3. Araziye Yerleşim: Araziye Dağılarak Birbirlerine Teras Oluşturan Yapı ve İşlev Adaları
Birbirlerine teras oluşturacak şekilde kurgulanan yapı adaları farklı işlevlere göre kodlanırlar. Böylece konferans ve salonlar, cemevi ve aşevi, eğitim, atölyeler ve derslikler, sergi ve mihmanevi, ve cenazevi kendi girişlerine ve meydanlarına kavuşur. Bu yaklaşım bütüncül bir planimetri ve kesit devamlılığı içerisinde, gerektiğinde her işlev adasının kendi içinde özerk şekilde çalışabilmesine olanak sağlar.
4. Kentsel Entegrasyon: Kamusal Akış Hatları ve Farklı Yapı Adalarına Özel Meydan Oluşumları
Her yapı adasının kendisine özgü girişi ve meydanı olması demek, herbirinin etrafındaki kentsel çevreyle bu güzergâhlar doğrultusuyla iletişime girmesi demektir. Dolayısıyla Cemevi kompleksi araç ve yaya ulaşımı için her yönden beslenebilen bir sirkülasyon şebekesiyle beslenerek kentsel örüntüye katılır.
5. Yapılı ve Doğal Çevre Arakesiti: Günışığının Optimum Kullanımı, Yarı-açık Mekan Oluşumları ve Bütünleyici Malzeme Kararları
Açık ve kapalı mekânlar çözüldükten sonra bu mekânlar arasındaki geçişi yumuşatma doğrultusunda ahşap pergolalardan yarı-açık mekânların üretilir.
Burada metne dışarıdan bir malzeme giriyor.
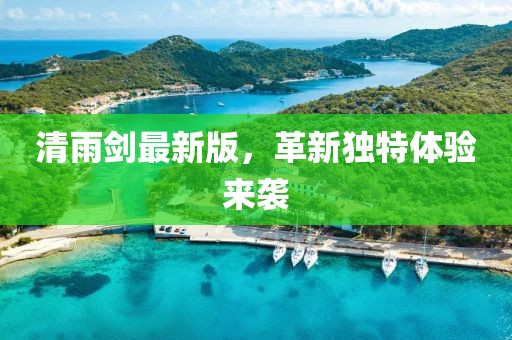 清雨劍最新版,革新獨特體驗來襲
Doğal ışığın gölgelenmesi ve optimum kullanımı salt bu mekanlara özgü değildir. Sergievinin terası ve Cem meydanının çatısı için de özel çözümler kurgulanmıştır. Beton karkas üzeri doğal taş kaplı yapı dili, bir yandan ahşabın ve yeşil terasların katılımıyla zenginleşir, diğer yandansa kompleks genelinde bütünleşik bir tasarım diline tabii tutulur. Tüm bu çözümler yapı kompleksinin ekonomik ve ekolojik dengesi göz önünde bulundurularak gerçekleştirilmiştir.